360 panorama photos in vr

Hi!
I was asked if I will be able to create little demo for my company in UE4. Here’s what i have to do:
They gave me 5 360 degree photos. I believe those are cubemap photos (6 faces of original photo in one line in one wide image). My task is to recreate this photos in unreal engine and display them (one at the time. Mouse click switch photo to next one.) on GearVr. I know it can be done by creating skybox from cubemap but will it work on gearVr? I mean will it be displayed correctly? What I want to achieve is to be in centre of big sphere build from photo and be able to turn my head and watch whats behind me.
I cant check it right now because i’m far away from my workstation and i have to send response if I will make it or not. Skybox with camera in origin (0,0,0) is my idea but maybe you can give me better answer.

I’m actually working on a really similar project. I’ve just started on it but if you have really strict quality requirements you might have to find workarounds to increase the visual quality of your cubemaps. If you’re alright with a little bit of blur I’d recommend doing what this guy did with a hollow cube. Let me know if you end up finding any cool tricks to increase your visual fidelity, the only one that I’ve found so far is disabling mipmapping on the cube mapped texture.

Hi, did you find any mean to increase the quality? disabling mipmapping causes quite a lot of flickering and the quality is still lower than the peak quality of the native 360 photos app on the Gear VR

Unfortunately I haven’t found a way to increase the quality. I’ve moved more towards Unity recently (though it has the same quality problems) so I haven’t been hammering away at the problem.

I haven’t started with it yet but my next step is to check out Otoy’s OctaneRenderer.

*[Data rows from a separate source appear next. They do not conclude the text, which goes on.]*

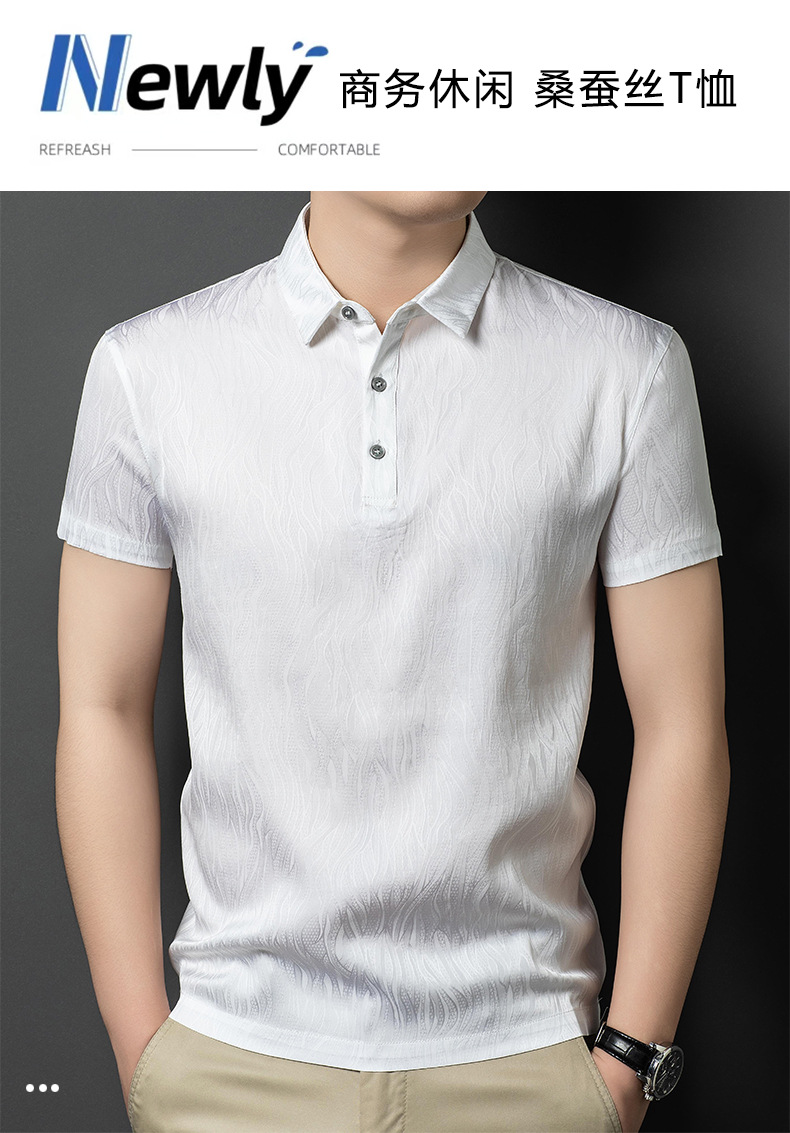 Áo polo nam lụa tơ tằm cao cấp tay ngắn cổ bẻ — Trắng 6130 chi tiết 1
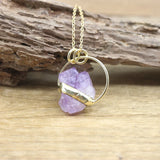 Irregular Amethyst Geode Point Hoop Pendant Necklace
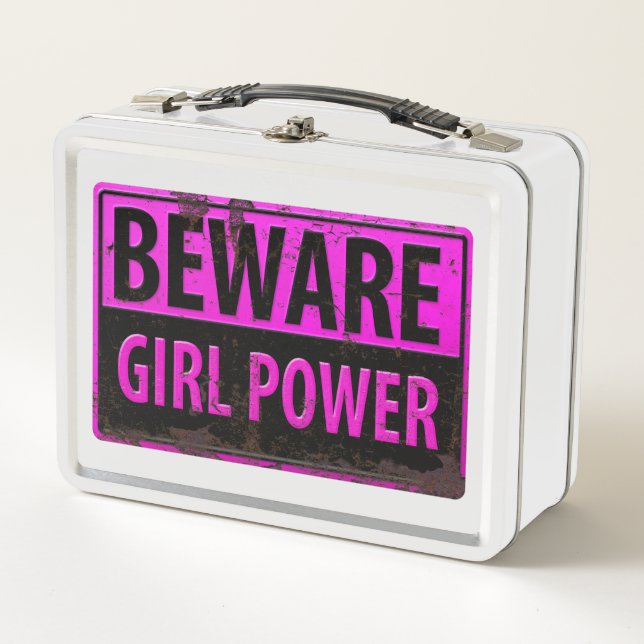 BEWARE Girl Power - Pink Black Metal Danger Sign Lunch Box (Front)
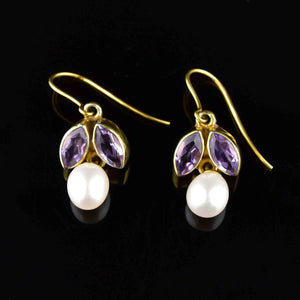 Gold Amethyst Baroque Pearl Dangle Earrings - Boylerpf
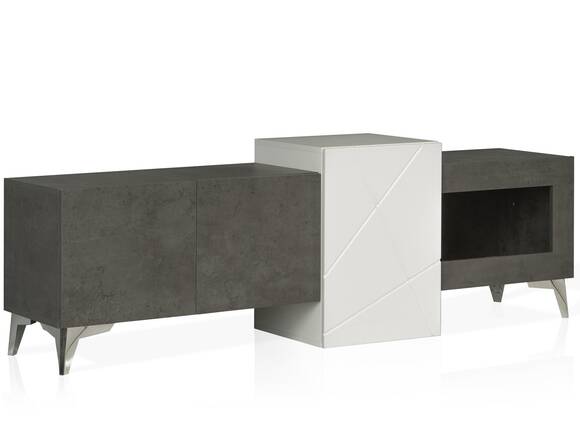 JAKOBA TV-Lowboard, Material MDF, betonfarbig dunkelgrau/weiss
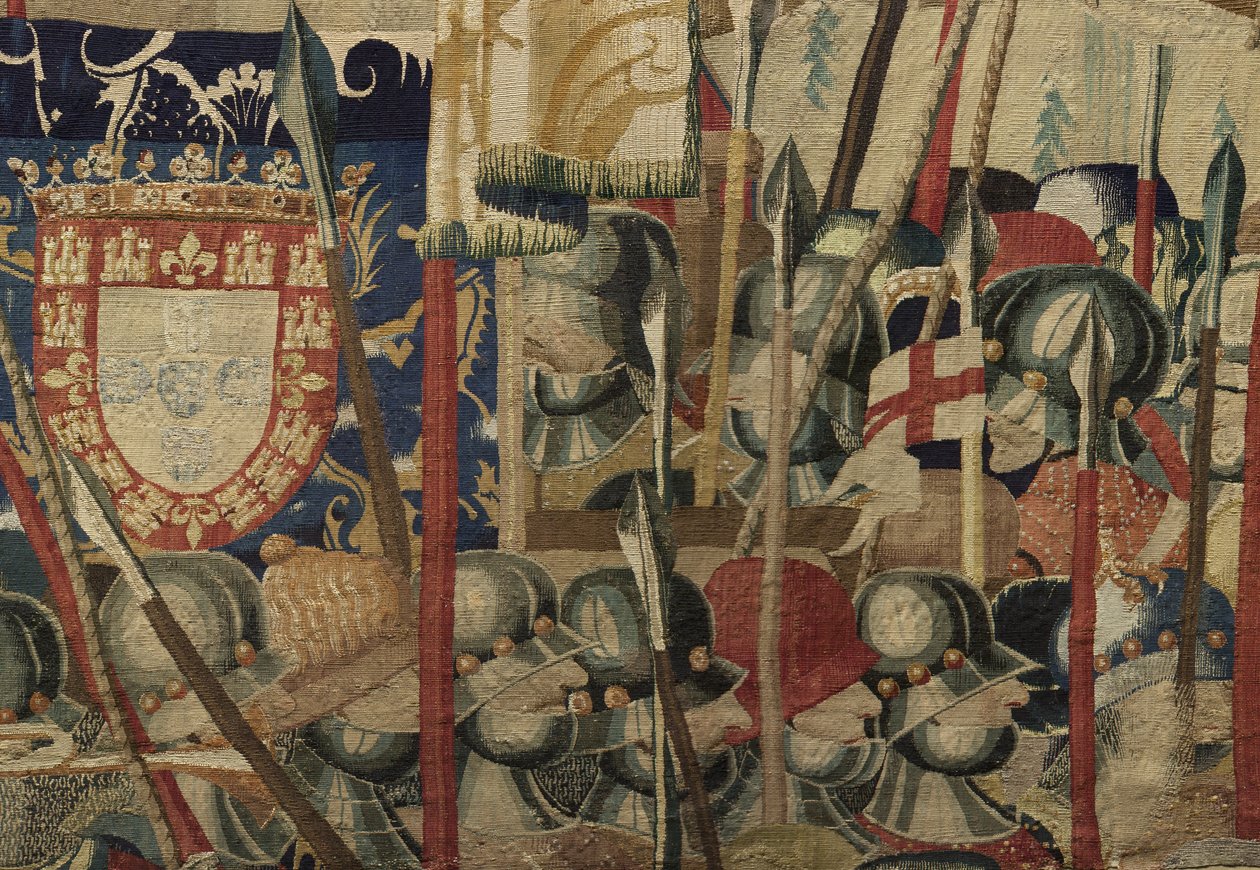 展示葡萄牙国王阿方索五世的征服的挂毯（Conquistas de Alfonso V de Portugal），图尔奈。细节。(羊毛和丝绸) 作者 佛兰芒学校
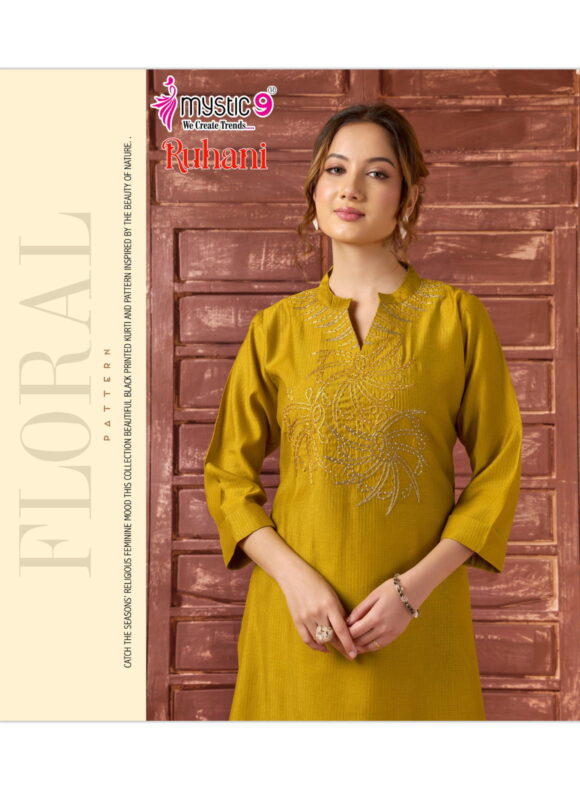 Stylish Mystic 9 Ruhani Vol 1 Premium Dyed Berlin With Collar Top With Bottom Collection Wholesale 2026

This apart from being a really cool experience on the GearVR is a good example of the levels of interactivity that you can have with an Otoy experience. If that’s enough for you or pretty close to what you’re looking for that could be a good direction for you to go in.

I could definitely see both Unity and Unreal including support for rendering certain objects to a full or higher quality eye buffer in the near future but for now Octane seems to be the only alternative.